*What you should do*
Among the entries below, one stretch runs from the line that contains "SCE-48EL3612LPLG | NEMA" through the line that contains "1 Piece Pet". Repeat that stretch exactly, ends included, and only that.

== Data provided ==

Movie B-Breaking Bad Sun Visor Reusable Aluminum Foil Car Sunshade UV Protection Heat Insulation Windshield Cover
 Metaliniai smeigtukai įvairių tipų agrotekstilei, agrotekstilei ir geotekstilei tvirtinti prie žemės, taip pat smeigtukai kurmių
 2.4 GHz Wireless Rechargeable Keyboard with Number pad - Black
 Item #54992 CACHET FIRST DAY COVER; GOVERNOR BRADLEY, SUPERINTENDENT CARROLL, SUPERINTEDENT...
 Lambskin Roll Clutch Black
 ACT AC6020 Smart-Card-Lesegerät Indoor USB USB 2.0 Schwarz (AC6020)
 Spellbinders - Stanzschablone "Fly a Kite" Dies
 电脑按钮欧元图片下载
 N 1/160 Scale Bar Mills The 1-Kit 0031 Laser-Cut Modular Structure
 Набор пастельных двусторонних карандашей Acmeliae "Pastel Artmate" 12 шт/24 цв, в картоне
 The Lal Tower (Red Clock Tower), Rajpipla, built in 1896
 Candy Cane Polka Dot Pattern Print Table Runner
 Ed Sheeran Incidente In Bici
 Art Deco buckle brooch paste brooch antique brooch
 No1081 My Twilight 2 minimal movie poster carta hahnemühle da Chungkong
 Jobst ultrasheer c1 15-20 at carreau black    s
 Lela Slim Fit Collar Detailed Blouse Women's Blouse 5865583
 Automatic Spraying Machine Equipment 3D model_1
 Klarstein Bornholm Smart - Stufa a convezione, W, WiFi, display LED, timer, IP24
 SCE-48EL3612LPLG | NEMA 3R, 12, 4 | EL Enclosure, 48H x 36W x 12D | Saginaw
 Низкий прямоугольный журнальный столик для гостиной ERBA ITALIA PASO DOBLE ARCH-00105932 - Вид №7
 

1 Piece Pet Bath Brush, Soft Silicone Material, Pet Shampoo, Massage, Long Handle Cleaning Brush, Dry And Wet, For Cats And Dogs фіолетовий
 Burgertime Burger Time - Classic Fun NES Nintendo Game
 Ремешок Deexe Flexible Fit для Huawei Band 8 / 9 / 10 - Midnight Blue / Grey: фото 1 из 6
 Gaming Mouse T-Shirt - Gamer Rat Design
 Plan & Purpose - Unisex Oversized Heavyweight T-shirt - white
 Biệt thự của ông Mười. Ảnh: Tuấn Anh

===

*Solution*
 SCE-48EL3612LPLG | NEMA 3R, 12, 4 | EL Enclosure, 48H x 36W x 12D | Saginaw
 Низкий прямоугольный журнальный столик для гостиной ERBA ITALIA PASO DOBLE ARCH-00105932 - Вид №7
 

1 Piece Pet Bath Brush, Soft Silicone Material, Pet Shampoo, Massage, Long Handle Cleaning Brush, Dry And Wet, For Cats And Dogs фіолетовий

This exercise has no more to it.